The energy transition implemented at a global level implies restrictions and regulations that greatly affect the transport sector. The International Energy Agency estimates that 23% of greenhouse gas emissions come from this sector. The vehicles used today, whether combustion or hybrid, are machines that have great inherent inefficiencies during their operation. It is estimated that in vehicles with internal combustion engines, approximately 20% of the chemical energy stored in the fuel tank is converted into useful work that is invested in the operation of the vehicle itself. The remaining energy is lost in several of their systems by mechanical dissipation and most of it, a third, by heat dissipation through the exhaust system. In an attempt to recover "wasted" thermal energy, different technologies have been developed in the field of "Waste Heat Recovery" and "Energy harvesting", which try to make it useful to increase the overall efficiency of a vehicle.

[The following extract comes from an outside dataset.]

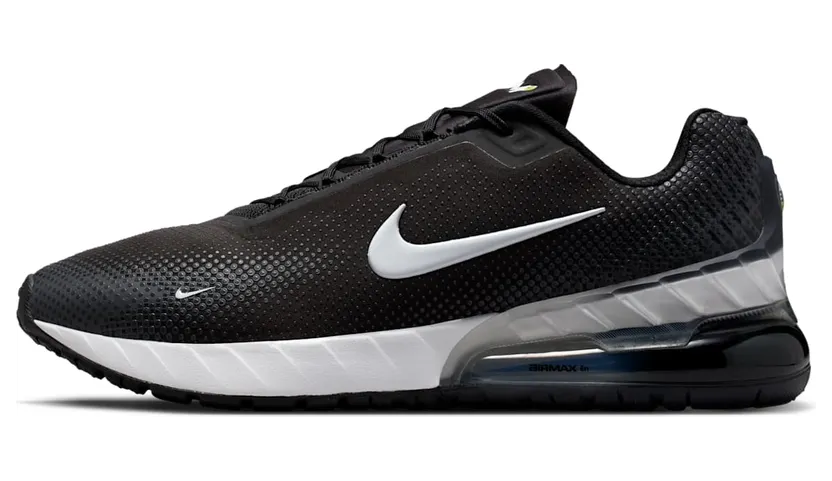 Nike Air Max Phoenix Black (FZ5307-007)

Against this background, the book focuses on the theoretical and experimental study of Stirling Thermoacoustic Stirling-Like Cycle Engine (TA-SLiCE). It begins with a comprehensive study of the state of the art on TA-SLiCE, classifying each of the technologies presented in the literature according to the electrical power provided.
One of the main goals of this book is the praxis from the first steps, so the reader is guided in the design and manufacture of a compact Stirling thermoacoustic energy recovery engine, operating in laboratory conditions. In addition, the device itself is an academic tool for knowledge transfer.

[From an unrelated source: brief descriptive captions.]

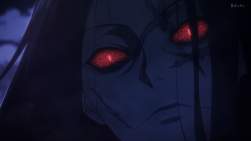 103938 B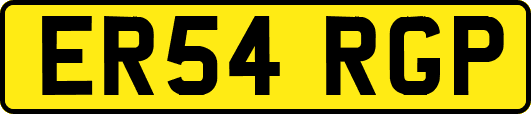 ER54RGP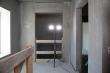 Akku-Baustrahler TOWER 5 CONNECT 2500/5000Lumen ohne Akku SCANGRIP Produktbild img9 S
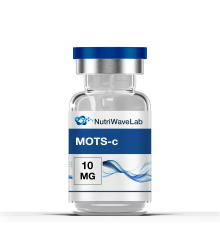 MOTS-c 10mg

The second main objective of this publication is the application of a methodology for energy analysis and optimization of thermo-acoustic devices, which does not exist so far in the specialized literature. This new perspective, which avoids complicated mathematical treatments, facilitates access to this fascinating technology for all audiences.

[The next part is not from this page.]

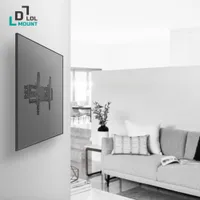 이미지4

The presented methodology is based on the distribution of the active and reactive acoustic power flow according to the passive acoustic circuit. In addition, this approach allows optimizing the TA-SLiCE by comparing different acoustic circuits. This method is evaluated at a theoretical level with the models and simulations developed and later validated with its evaluation at an experimental level, carrying out tests in the manufactured TA-SLiCE demonstrator, for each of the case studies described.